According to Salvatore Lombardo, director of UNRWA affairs, labor rights for the Palestinians are just as beneficial for the Lebanese as they are for the refugees: “Palestinian refugees contribute to the Lebanese economy through active engagement in the labor force and economic consumption,” he said. “In numbers, they also represent a relatively small group occupying sectors of the economy where they compete with other foreigners or with a minimum Lebanese workforce.”

He added that the difference between Palestinians and other foreign workers is that Palestinians spend their income inside the country, and remittances they receive from abroad are also spent in Lebanon.

Hanafi also pointed out that should Palestinian professionals be allowed to work legally, their impact would be minimal, given the fact that they are already participating in the labor market — changing the labor law would mostly legalize them in positions they already occupy.

Educated for what?

Abdel Hafiz Ghozlan, 19, born and raised in Shatila refugee camp, has just finished high school and is applying to university. He says he has already faced discrimination due to his nationality: Having applied for a kitchen job with a large international fast food chain in Beirut, the manager rejected his application, telling him that the position was reserved for “Lebanese nationals only.”

“I want a degree because I hope that by the time I graduate, the law will have changed and I’ll be able to get a job,” said Ghozlan, making him one of the determined few to continue with his education. FAFO’s 2006 study found that 74 percent of the Palestinian labor force in Lebanon has less than a secondary education, and only 5.5 percent have a university education, in comparison to 20 percent of Lebanese. Only one in 10 Palestinians aged 10 years and older have completed secondary education; just one in 20 have completed anything higher.

“Few children dream of becoming unskilled laborers,” said UNRWA’s Lombardo. “Sadly, Palestinian refugees who hold university degrees often find themselves doing just that because they have been denied the right to work… When parents and children see this unjust reality, it crushes all belief in education for them and leads students to learn skilled labor at an early age.”

Indeed, FAFO’s report noted that 40 percent of Palestinian students who drop out of school early do so due to “de-motivation.”

“This lack of motivation stems from the daily struggle of camp life,” said Lombardo. “Dire poverty leads to child labor and early marriage. Those who remain in school face overcrowded classrooms, small shelters with big families and endless questions as to prospects for their future.”

Wissam al-Hassan, an 18-year-old butcher from Shatila who left school after the third grade, said those who do pursue higher education often end up as the examples of its futility. “They study, they graduate from school and university, and then what? They sit and do nothing,” he said. “Knowing that we can work here with our rights would push people to stay in school.”

What happens tomorrow?

With the passing of the new legislation, the Kataeb’s Kostanian says the Palestinians now have to fulfill their end of the bargain.

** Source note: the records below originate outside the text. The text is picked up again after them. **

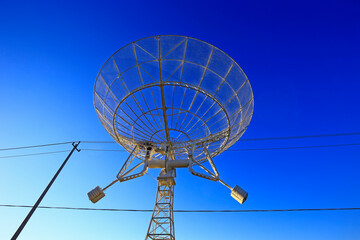 Canvas Print - The observatory radio telescope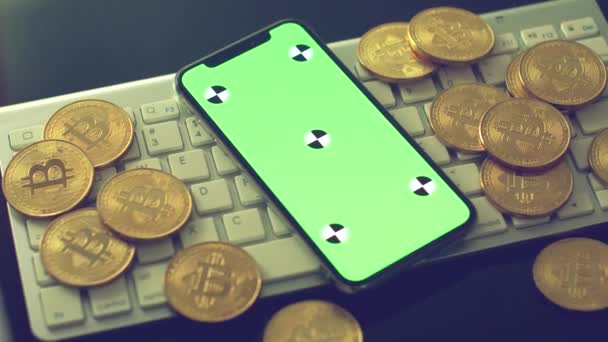 Cellulare con bitcoin d'oro — Video Stock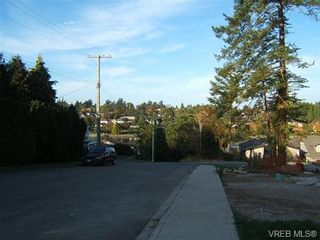 Photo 4: 945 Garthland Rd in VICTORIA: Es Gorge Vale Land for sale (Esquimalt)  : MLS®# 684436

“We feel that the next step is the Palestinian duty towards Lebanon,” he said, specifically referring to the issue of arms within the camps. Improved Palestinian living standards, said Kostanian, go hand-in-hand with the security of the Lebanese state.

“We need to regulate security within the camps and really enforce the Lebanese laws by allowing the army to deploy peacefully in the camps,” he said. “This will be better for the Palestinians as well.”

Jumblatt, on the other hand, says the next move involves shuffling further along the road of Palestinian civil rights and tackling the issue of ownership and land.

“The next step will be the right to property; these people, even those who are refugees on our land, have a right to have a minimum level of belonging,” he said. “We allow foreigners unlimited access of land to buy under the pretext of enhancing investment; why can’t we give Palestinians the same right to inherit a house, for example?”

For AUB’s Hanafi, the issues lay within the attitudes of the Lebanese society, as currently the Palestinians face an uphill struggle against discrimination. Rectifying the situation involves an increased amount of pressure on political parties across the board, coupled with campaigns backed by civil society movements.

“If things remain the way they are, it will make the Palestinian community hostile towards the host country and its legal framework,” warned Hanafi. “This is not good. The Lebanese need to see how to integrate and not discriminate.” Many young Palestinians, however, see little cause for hope.

“Living in these conditions shatters your dreams,” said Khalife, the construction worker from Shatila. “There is nothing to look forward to, and no one has the opportunity to leave the camp. This country kills you.”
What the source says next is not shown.